Students must work together to protect the web

from @support_net_neutrality

Net Neutrality is something worth fighting for.

Net Neutrality seems like it might possibly be the most boring and most painstakingly complicated concept on its face. While it is a complicated issue that should not just be reduced to buzzwords, at its base, net neutrality protects smaller sites from getting slowed down by internet service providers and protects the free market of the internet.

That is why the Federal Communications Commission’s ruling to dismantle those protections seems so startling, however this is not the time for students for reach for their tinfoil hats to protect themselves from big businesses taking over the world.

It is not the end of the internet as we know it…yet. There is still time for Congress to take action and do something to keep Net Neutrality alive and it is up to students and young people of the country to do that.

Teens are the people who will be most affected by this because the internet is so ingrained in every high schooler’s life and everything that they do.  Additionally, it will be a part of everything that students will do in the future.

It is not yet the time to panic, it is the time to do something while there is still time.

It is still not yet legal for ISPs to slow down speeds of sites. It is not yet legal for ISPs to charge sites to bring up their speed. So for all that the tinfoil hats would not do, reaching for the phones to reach out to legislators and congress people would do.

This could override the actions of Ajit Pai and the Federal Communications Commission. If not their actions will have an actionably negative effect on any student as they continue their high school career or go onto college and then into the workforce.

As Cait Gibbons of the University of Wisconsin student newspaper, The Badger Herald, outlined, there is a clear and present threat for University students specifically. The removal of Net Neutrality makes it almost impossible for Universities to provide their students with the education resources necessary to fulfill their mission statements.

To read the full Badger Herald article go here.

After college, and once students become consumers and begin paying for internet services, the problems continue.
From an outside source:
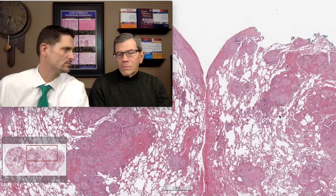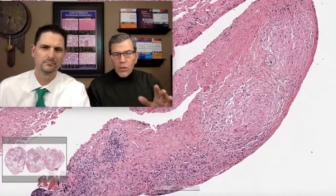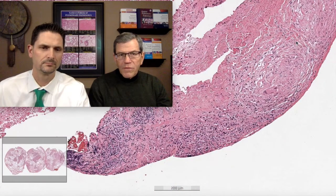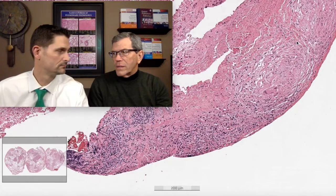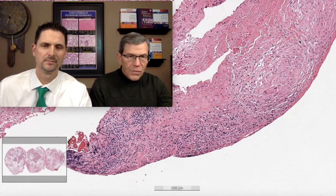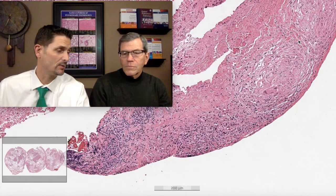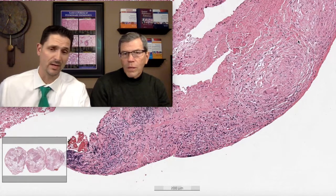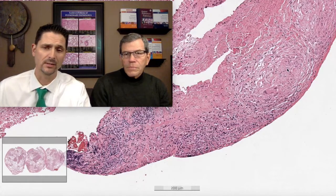Should we do stains on this case? Any time you see granulomas you do stains — AFB and GMS. If you don't, it appears you didn't think of it. Even if you're confident it's sarcoid, do the stains; they'll be negative but it looks appropriate in your report. You will get calls from infectious disease asking if you're a pathologist who didn't do stains on a granuloma. You may not need to do it on every block — just one. Here's a beautiful pleural granuloma.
If an internet service provider charges certain companies for higher speeds that a consumer is not a fan of, consumers have very few other options.

One company controls 55% of the internet service in the country and two others split almost all of the other 45%. This near monopoly on the internet industry gives consumers little choice and little recourse.
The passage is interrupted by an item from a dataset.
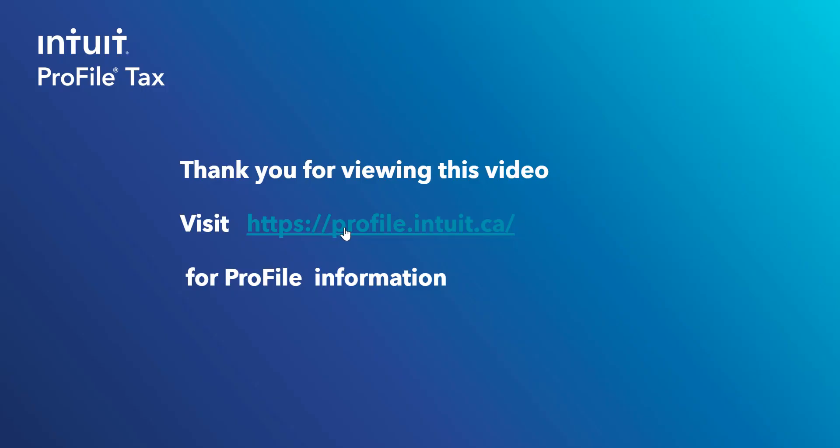There's more ProFile support options on our website. It's profile.intuit.ca. I hope you found this video helpful. Thank you for viewing it.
That is why, while Net Neutrality is painted as a needless piece of regulation that hinders the free market, it, in fact, hinders an actual free market of the sites on the internet.

It makes it so one or two big businesses can’t pick winners and losers. It is not the government, it is not people that can be voted out of office, without Net Neutrality, CEOs that only have obligations for profits of their own company can pick the winners and losers.

This is something that clearly will impact students in the long run. That is why it is not time for students to panic, it is time for students to act to make sure that Net Neutrality stays in place.

Cait Gibbons is Breandan Gibbons’ sister and an alumnae of St. Paul Academy and Summit School.